Typically, every designer has blundered hard at least once or twice in their career.  Once you’re over the initial shock and embarrassment, opening up and talking about mistakes in order to learn from them helps elevate your design abilities.  Never make the same mistake twice.

After reaching out to multiple designers, here is a list of common mistakes and what they learned from them.  All designers requested anonymity!  Because clearances are the big daddy of issues, the first error to avoid is a no-brainer:

Missing obstacles such as vents, electrical panels/outlets and steamer units (if the homeowner has a steam shower).

Lesson learned:  Note obstacles at the beginning of the design process, even if your client says: “don’t worry about it, we’re not going to the ceiling”.  Designs change!  Be thorough and note every detail no matter how insignificant.  Measure twice, cut once.  It’s critical to take your time when measuring and double check your measurements, as it’s very easy to transpose numbers. Taking reference photos of obstacles and the room prevents “second guessing” or remembering wrong.  Having those photos for a reference view is a good practice so you can “see” the space.

If you’re measuring a new construction space, go back to the space at least 7 days prior to your installation date for a final measure.  Something may have been added that you didn’t note in your drawings.

In the early days of closet design, there were not as many offerings (3 colors, 3 types of handles, drawer slides, etc).  As the home storage industry has matured, more offerings have created more room for errors.  Don’t fall victim to an error that could easily have been remedied by more attention to detail!

 

Door swings and clear floor space, particularly around islands and peninsulas.

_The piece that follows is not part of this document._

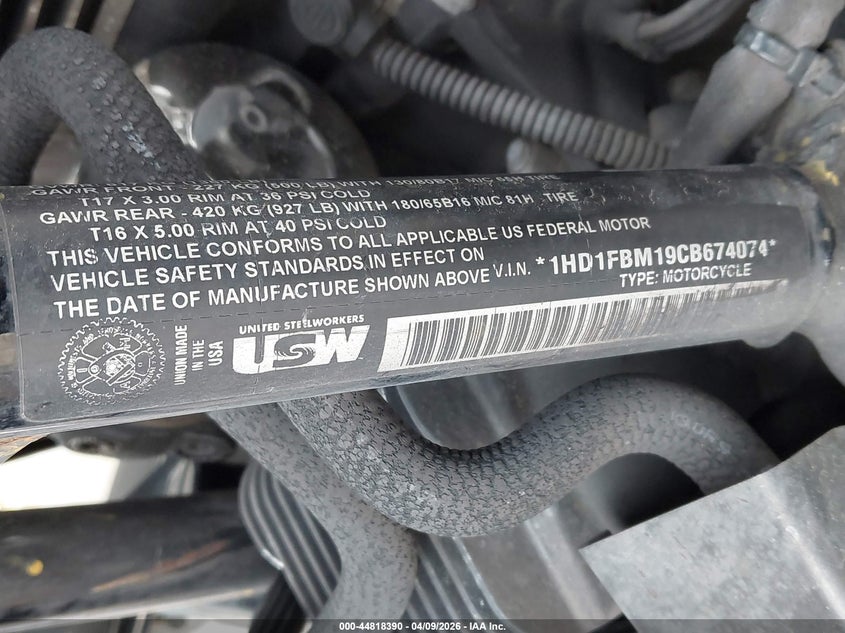 2012 Harley-Davidson Flhr Road King VIN: 1HD1FBM19CB674074 Lot: 44818390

Lesson learned:  Don’t just plan for walk space around these pieces, plan for the usability of the space.  When opening drawers, can you stand in front of them, or do you have to stand to the side? Your client requested a 3-way mirror cabinet, did you leave enough room so they can see themselves in it?  12” of clearance in front of a mirror is not enough.

 

Overdesigning – 10lbs in a 5lb bag – a list of client must-have options that might fit into the space, but look so cluttered the overall organizational effect is ruined.

Lesson learned: Don’t be a client pushover!  You’re the expert, and they’re paying for your valuable advice.  Take time to step back from the design process to review design details, maybe even having a trusted designer friend lend a second set of eyes if possible.  Guiding clients in prioritizing their wish list from day one is essential.

 

Hardware – underutilizing the different options provided by the numerous hardware vendors to create a fully realized design. The opposite of the previous mistake, in this case “under-design”.

Lesson learned: Trying to keep it simple for the customer by just offering a few choices, (or the client could take longer to choose) deprives the aesthetics of your design.  Visually, it makes a difference when using proper sizes. Having a closet with all 6″ handles is ok, but tall doors that call for 10″ handles and 6″ handles on the short doors and drawers makes a closet more custom and less cookie cutter.

 

Crown molding not matching with the existing molding.

Lesson learned: Pay close attention to existing molding in the room.  The client loves the design but wants to take it up to the ceiling.  Their ceiling already has crown molding.  How is what you are designing going to mesh into the existing crown with a different profile and not look out of place?  The same applies for base molding.

 

While this is not a complete list, it’s a solid collection of missteps that have been relayed to me with much hesitation as the pain of the error has faded over time.  I’m sure there are some that are too awful to bring up but, an error made is also a lesson learned and not easily forgotten.  Onward and upward!